Disinformation, or irrelevant results, may cause a lack of trust involving the web pages show in search results.
The patent application tells us that we need new sources of information on which to base and rank searches. These could be used alone or together with existing searching and ranking techniques, leading to more reliable search results for users.
In addition to new sources, new techniques are needed to index this information…
The Patent Application
Using community annotations as anchortext
Invented by Daniel E. Rose, Jianchang Mao, Zhichen Xu, David Ku, Qi Lu, Eckart Walther, and Chung-Man Tam
US Patent Application 20060294085
Published December 28, 2006
Filed: August 2, 2006
This invention is directed towards systems and methods for using community annotations to content items as anchortext for search and index purposes. The method In one version comprises generating one or more items of personalized information by a user for storage in a user profile, the one or more items of personalized information associated with one or more content items, the one or more content items and the one or more items of personalized information comprising one or more words. One or more items of personalized information is selected from a given user profile. The method further comprises indexing the words in the one or more content items and the words in the selected personalized information into an index, identifying one or more content items responsive to on or more query words in a query of the index and returning the identified content items as a result set to the user.
User Profiles, and Personalized Information as Anchor Text
This patent application attempts to improve the reliability of search results by incorporating of the users’ actions and possibly the actions of a social network of users.
One or more user profiles are created collecting personalized information describing interactions by a searcher with pages. Those interactions may include things such as:
- saving pages,
- annotating pages,
- tagging pages, and;
- other user interaction with content items.
Personalized information may be treated similarly to other information about a page for indexing, searching and ranking purposes. So, like the title of this patent application notes, annotations and tags may be treated similarly to anchor text from a web page.
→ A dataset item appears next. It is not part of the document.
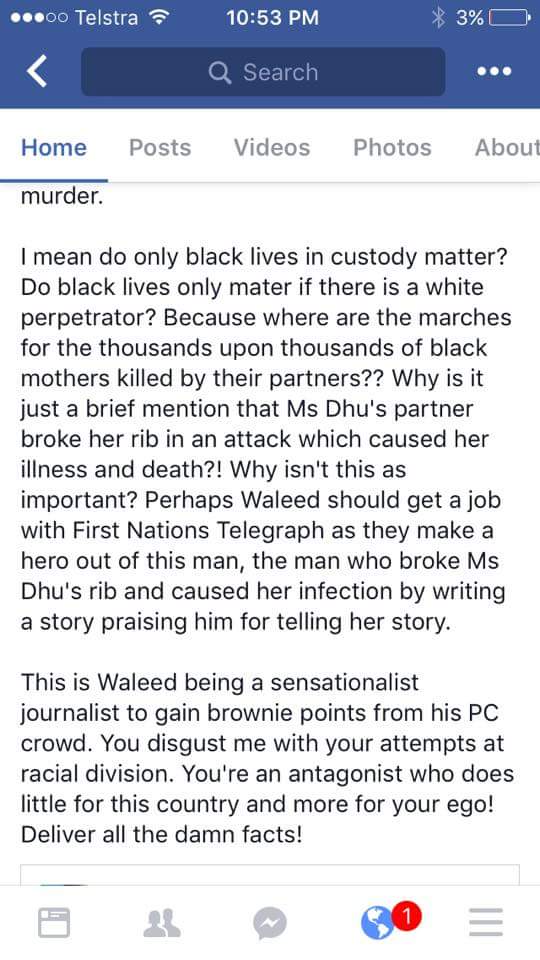 JusticeForDhu's tweet photo. #JacintaPrice ( @mc_sassyj ) at it again..
This time Publicly Attacking Waleed from @theprojecttv for Helping Us by Covering #MsDhu on T.V. https://t.co/gidGkLY35W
That personalized information, like anchor text, includes descriptive text. It differs in that it is created by individuals other than the author of the page (of course, links from other sites are usually created by others, too).
Some other differences are that personalized information can provide descriptions, opinions and alternate forms of references (including spelling and word form variations) which may not be found on the original page.
Examples of personalized information from user profiles being used to improve indexing, searching and ranking of content items.
- When a searcher saves a page the first time, the text of the page (including any metadata) is added to a search engine’s inverted index;
- Any relevant personalized information is also indexed, and treated as separate fields of content from the page; and,
- When other searchers later save the page, it is not re-indexed, but relevant personalized information from the additional users is added to the inverted index.
Benefits to Searching an Index Which Includes Personalized Information
- Relevant pages may be located even though the pages don’t contain the exact wording or spelling in a user’s query.
- Relevance scoring and ranking of pages is improved, providing more relevant results to users.
- Personalized information may be aggregated and indexed according to communities or social networks of users, which can enable community-aware searches.
- Aggregate personalized information (from one or more user profiles), may also be used to rank search results according to community-based features exposed by the personalized information of individual users.
An example of that last one:
Ranking may be influenced by usage information from personalized information in user profiles, may be based on reputation or trust values for the information contained in individual user profiles or groups of user profiles, or by propagating reputation or trust values through social networks of related users.
Reputation or Trust Values
Reputation or trust values may also be propagated through implicit and explicit social networks.
1) An explicit social network is an explicit association between interconnected individuals, e.g., where a first user identifies an explicit relationship with one or more other users.
2) Implicit relationships in social networks, however, may be defined between two users based upon personalized information in the two user’s profiles.
Pages and personalized information (pages which a user tags, annotates, saves, etc., and those tags and annotations, etc.,) may be made available for searching in real-time.
Streamed Search Queue
One phrase I’ve seen for this, not mentioned in the patent application, is a “stop the press” index, which is used in addition to an inverted index.
An inverted index, which may be a word-location index, is generated for a collection of pages. As users provide personalized information, the information is added to a stream search queue, which provides for direct access to the information.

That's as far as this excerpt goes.